Sonoda Y, Fujisawa S, Kurokawa M, Gonoi W, Hanaoka S, Yoshikawa T, Abe O

pubmed logopapersJun 18 2025
This study aimed to compare three publicly available deep learning models (TotalSegmentator, TotalVibeSegmentator, and PanSegNet) for automated pancreatic segmentation on magnetic resonance images and to evaluate their performance against human annotations in terms of segmentation accuracy, volumetric measurement, and intrapancreatic fat fraction (IPFF) assessment. Twenty upper abdominal T1-weighted magnetic resonance series acquired using the two-point Dixon method were randomly selected.
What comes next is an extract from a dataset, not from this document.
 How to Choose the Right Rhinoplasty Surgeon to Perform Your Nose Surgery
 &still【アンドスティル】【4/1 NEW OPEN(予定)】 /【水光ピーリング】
Three radiologists manually segmented the pancreas, and a ground-truth mask was constructed through a majority vote per voxel. Pancreatic segmentation was also performed using the three artificial intelligence models. Performance was evaluated using the Dice similarity coefficient (DSC), 95th-percentile Hausdorff distance, average symmetric surface distance, positive predictive value, sensitivity, Bland-Altman plots, and concordance correlation coefficient (CCC) for pancreatic volume and IPFF. PanSegNet achieved the highest DSC (mean ± standard deviation, 0.883 ± 0.095) and showed no statistically significant difference from the human interobserver DSC (0.896 ± 0.068; p = 0.24). In contrast, TotalVibeSegmentator (0.731 ± 0.105) and TotalSegmentator (0.707 ± 0.142) had significantly lower DSC values compared with the human interobserver average (p < 0.001). For pancreatic volume and IPFF, PanSegNet demonstrated the best agreement with the ground truth (CCC values of 0.958 and 0.993, respectively), followed by TotalSegmentator (0.834 and 0.980) and TotalVibeSegmentator (0.720 and 0.672). PanSegNet demonstrated the highest segmentation accuracy and the best agreement with human measurements for both pancreatic volume and IPFF on T1-weighted Dixon images. This model appears to be the most suitable for large-scale studies requiring automated pancreatic segmentation and intrapancreatic fat evaluation.